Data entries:
----
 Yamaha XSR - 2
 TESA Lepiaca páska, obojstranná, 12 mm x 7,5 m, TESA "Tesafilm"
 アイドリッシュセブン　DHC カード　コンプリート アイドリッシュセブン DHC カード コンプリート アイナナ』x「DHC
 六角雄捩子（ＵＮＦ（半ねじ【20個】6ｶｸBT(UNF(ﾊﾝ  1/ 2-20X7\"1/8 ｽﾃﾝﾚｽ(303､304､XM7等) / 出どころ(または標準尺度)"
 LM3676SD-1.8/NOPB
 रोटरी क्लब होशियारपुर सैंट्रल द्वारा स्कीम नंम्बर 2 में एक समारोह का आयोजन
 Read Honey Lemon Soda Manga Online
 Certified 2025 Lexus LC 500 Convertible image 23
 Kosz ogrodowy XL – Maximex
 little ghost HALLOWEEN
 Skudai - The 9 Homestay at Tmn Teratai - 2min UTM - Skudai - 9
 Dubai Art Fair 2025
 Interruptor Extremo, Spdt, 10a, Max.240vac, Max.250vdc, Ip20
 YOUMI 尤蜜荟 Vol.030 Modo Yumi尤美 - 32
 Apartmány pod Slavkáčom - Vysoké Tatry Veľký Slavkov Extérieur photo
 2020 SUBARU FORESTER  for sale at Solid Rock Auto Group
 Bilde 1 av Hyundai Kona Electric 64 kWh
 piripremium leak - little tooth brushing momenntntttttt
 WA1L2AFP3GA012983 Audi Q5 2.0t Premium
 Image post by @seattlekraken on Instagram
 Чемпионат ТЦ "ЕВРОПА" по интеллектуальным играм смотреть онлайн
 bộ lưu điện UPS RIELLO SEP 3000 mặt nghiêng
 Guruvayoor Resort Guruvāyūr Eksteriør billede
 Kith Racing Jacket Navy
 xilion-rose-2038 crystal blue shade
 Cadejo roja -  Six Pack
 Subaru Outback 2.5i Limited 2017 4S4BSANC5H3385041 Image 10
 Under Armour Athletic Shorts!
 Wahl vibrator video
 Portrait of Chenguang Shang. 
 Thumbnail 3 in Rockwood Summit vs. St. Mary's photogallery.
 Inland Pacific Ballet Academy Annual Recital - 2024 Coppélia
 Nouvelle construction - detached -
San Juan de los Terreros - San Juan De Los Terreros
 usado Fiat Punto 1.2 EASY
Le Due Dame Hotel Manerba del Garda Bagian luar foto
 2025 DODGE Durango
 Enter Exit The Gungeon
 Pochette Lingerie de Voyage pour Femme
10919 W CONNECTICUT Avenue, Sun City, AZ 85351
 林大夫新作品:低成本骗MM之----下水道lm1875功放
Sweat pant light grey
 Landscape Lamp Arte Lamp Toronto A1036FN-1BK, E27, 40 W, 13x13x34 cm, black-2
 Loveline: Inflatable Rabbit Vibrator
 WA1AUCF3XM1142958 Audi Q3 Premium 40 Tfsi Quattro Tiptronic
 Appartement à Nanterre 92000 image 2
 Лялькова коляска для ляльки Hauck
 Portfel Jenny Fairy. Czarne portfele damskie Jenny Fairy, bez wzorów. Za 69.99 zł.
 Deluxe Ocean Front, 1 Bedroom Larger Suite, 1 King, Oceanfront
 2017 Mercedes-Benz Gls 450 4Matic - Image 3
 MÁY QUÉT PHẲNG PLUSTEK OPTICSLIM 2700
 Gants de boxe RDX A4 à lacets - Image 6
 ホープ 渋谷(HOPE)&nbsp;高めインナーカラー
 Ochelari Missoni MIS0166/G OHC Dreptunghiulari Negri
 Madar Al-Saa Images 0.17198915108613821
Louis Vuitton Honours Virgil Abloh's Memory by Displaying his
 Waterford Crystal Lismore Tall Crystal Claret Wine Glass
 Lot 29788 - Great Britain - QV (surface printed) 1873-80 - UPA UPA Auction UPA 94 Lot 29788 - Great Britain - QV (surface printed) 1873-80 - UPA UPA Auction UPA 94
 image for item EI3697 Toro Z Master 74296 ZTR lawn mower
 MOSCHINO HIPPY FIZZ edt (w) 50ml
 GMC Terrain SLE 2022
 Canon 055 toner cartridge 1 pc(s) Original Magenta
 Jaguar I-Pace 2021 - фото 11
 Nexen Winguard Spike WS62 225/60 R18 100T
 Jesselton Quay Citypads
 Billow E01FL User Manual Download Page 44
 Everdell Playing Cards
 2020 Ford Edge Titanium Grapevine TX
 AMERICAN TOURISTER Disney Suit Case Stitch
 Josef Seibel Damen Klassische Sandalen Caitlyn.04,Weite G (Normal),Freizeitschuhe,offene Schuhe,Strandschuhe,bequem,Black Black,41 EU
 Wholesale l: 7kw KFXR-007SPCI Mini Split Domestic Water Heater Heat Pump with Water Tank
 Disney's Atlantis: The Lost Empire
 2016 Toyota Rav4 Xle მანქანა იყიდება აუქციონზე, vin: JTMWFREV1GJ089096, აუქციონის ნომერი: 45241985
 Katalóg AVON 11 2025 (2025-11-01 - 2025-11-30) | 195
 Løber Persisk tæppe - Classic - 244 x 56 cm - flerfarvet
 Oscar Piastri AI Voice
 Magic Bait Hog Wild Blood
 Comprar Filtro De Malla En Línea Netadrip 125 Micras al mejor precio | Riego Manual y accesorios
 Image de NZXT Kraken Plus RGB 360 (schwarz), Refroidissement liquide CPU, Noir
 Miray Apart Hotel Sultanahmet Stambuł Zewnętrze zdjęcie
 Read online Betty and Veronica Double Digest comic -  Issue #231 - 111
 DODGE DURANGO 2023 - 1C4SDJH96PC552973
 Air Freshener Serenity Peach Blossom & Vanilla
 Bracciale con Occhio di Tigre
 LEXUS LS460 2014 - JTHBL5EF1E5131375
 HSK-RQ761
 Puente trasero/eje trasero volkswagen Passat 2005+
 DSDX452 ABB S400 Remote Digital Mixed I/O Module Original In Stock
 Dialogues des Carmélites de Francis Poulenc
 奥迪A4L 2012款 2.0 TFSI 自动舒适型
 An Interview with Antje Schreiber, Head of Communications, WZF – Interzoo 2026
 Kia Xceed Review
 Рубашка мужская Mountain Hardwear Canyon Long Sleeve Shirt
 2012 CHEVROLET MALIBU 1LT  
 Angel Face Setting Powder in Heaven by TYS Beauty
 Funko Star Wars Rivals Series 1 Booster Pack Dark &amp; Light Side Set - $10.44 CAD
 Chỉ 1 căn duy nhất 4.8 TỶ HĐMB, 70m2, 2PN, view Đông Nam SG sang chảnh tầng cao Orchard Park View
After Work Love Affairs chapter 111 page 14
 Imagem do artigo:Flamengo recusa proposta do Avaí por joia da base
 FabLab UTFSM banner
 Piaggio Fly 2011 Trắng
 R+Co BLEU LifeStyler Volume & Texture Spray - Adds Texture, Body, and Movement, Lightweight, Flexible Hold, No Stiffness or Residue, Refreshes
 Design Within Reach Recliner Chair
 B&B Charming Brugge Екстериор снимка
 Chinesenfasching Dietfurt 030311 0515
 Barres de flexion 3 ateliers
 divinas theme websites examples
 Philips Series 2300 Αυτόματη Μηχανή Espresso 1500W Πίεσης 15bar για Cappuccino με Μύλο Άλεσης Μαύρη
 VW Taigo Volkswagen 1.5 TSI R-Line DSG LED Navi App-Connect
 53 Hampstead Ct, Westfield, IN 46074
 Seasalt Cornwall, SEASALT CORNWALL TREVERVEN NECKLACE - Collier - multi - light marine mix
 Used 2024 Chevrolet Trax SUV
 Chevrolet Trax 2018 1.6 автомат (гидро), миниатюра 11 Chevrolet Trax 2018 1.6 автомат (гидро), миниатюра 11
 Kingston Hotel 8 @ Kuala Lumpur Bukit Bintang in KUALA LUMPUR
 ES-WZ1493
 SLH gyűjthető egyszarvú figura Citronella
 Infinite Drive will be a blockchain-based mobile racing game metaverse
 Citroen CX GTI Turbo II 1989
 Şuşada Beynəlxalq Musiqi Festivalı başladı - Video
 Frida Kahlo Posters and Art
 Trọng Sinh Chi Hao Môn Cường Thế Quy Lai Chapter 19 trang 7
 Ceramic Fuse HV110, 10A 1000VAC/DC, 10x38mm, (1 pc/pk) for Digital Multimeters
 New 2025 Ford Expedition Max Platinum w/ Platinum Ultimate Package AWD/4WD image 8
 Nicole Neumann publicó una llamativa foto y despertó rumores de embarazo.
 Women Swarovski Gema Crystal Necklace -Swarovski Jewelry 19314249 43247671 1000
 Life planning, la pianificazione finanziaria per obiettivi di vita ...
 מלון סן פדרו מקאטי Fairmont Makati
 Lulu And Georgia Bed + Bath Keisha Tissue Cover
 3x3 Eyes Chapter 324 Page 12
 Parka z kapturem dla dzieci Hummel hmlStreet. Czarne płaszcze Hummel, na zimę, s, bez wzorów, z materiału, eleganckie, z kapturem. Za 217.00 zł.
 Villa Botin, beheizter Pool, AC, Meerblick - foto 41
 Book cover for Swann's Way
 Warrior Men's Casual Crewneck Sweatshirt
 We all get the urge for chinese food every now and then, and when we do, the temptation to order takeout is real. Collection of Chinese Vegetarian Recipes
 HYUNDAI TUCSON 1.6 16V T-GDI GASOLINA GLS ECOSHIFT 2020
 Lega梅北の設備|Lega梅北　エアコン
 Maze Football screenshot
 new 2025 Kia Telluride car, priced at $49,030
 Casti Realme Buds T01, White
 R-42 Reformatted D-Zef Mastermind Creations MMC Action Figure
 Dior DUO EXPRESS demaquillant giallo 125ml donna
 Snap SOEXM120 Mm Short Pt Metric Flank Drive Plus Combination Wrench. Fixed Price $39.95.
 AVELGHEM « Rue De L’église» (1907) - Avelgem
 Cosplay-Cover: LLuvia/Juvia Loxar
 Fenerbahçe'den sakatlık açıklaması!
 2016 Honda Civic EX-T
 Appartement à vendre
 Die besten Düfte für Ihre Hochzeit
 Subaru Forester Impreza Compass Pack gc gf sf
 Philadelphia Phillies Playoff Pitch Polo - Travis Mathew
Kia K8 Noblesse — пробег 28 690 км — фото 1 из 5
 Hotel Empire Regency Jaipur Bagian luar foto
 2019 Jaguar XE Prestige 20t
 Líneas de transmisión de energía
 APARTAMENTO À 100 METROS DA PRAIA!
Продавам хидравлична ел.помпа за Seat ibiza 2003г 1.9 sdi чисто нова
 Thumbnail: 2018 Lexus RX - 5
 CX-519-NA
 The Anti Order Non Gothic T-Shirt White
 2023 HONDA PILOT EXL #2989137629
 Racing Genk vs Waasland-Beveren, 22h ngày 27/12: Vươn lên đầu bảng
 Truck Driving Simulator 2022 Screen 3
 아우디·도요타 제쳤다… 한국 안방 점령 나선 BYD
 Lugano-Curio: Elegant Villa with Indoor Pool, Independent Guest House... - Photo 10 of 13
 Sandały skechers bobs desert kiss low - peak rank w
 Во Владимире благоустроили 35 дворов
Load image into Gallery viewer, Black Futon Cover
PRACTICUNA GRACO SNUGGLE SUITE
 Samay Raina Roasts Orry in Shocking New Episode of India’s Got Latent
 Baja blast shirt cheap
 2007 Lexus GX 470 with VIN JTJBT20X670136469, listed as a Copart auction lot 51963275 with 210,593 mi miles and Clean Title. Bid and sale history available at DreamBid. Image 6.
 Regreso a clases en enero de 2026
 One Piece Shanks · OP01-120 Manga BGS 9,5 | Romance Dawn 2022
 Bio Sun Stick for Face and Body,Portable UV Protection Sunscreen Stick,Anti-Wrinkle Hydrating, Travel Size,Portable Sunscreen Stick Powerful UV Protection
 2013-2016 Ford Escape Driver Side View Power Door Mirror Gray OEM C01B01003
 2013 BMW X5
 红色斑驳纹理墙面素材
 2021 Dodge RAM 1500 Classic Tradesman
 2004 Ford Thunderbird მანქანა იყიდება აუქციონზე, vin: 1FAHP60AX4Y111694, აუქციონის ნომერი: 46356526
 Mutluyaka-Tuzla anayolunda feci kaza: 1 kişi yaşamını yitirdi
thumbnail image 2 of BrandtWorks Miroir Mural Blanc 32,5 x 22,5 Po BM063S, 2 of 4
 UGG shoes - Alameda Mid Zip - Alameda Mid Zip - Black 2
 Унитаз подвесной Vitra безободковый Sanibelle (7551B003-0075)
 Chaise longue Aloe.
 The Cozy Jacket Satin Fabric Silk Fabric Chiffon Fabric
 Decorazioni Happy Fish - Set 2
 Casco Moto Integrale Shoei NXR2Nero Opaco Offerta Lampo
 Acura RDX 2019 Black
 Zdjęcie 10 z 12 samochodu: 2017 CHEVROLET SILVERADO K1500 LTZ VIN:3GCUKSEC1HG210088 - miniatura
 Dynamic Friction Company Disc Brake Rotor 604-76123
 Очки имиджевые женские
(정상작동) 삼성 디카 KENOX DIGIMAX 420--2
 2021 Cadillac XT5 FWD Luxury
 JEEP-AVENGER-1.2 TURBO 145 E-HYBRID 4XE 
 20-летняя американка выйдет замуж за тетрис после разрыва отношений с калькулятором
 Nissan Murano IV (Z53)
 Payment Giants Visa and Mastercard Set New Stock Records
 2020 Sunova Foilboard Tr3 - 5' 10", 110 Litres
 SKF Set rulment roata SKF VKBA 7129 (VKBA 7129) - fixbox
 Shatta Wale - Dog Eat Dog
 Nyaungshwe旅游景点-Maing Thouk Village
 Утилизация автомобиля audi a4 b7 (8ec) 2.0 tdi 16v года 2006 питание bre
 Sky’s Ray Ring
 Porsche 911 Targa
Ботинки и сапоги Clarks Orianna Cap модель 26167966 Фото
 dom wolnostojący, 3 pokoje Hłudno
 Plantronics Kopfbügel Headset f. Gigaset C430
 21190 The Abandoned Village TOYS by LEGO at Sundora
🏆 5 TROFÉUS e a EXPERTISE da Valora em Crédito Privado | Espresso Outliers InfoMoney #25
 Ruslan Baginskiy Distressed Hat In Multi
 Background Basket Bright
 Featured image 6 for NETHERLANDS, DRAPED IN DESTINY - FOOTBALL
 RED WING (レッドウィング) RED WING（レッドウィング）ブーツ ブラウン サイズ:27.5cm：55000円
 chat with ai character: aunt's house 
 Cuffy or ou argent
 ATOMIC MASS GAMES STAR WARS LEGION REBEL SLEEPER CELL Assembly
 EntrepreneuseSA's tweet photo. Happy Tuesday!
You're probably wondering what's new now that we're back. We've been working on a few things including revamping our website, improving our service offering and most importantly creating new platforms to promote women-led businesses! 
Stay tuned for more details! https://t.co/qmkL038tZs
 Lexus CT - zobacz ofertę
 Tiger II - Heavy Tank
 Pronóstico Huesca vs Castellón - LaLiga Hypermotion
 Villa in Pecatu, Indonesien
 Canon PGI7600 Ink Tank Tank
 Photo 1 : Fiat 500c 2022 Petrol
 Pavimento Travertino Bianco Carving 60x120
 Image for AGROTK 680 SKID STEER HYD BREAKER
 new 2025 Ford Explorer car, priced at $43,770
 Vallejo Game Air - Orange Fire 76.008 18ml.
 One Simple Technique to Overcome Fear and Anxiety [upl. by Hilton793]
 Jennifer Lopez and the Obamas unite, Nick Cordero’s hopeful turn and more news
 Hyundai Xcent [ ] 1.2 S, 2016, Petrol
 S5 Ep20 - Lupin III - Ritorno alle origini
----
• [Activity]: Among the lines above, which ones hold the string "იყიდება"? Show them.

• [Exercise answer]:
 2016 Toyota Rav4 Xle მანქანა იყიდება აუქციონზე, vin: JTMWFREV1GJ089096, აუქციონის ნომერი: 45241985
 2004 Ford Thunderbird მანქანა იყიდება აუქციონზე, vin: 1FAHP60AX4Y111694, აუქციონის ნომერი: 46356526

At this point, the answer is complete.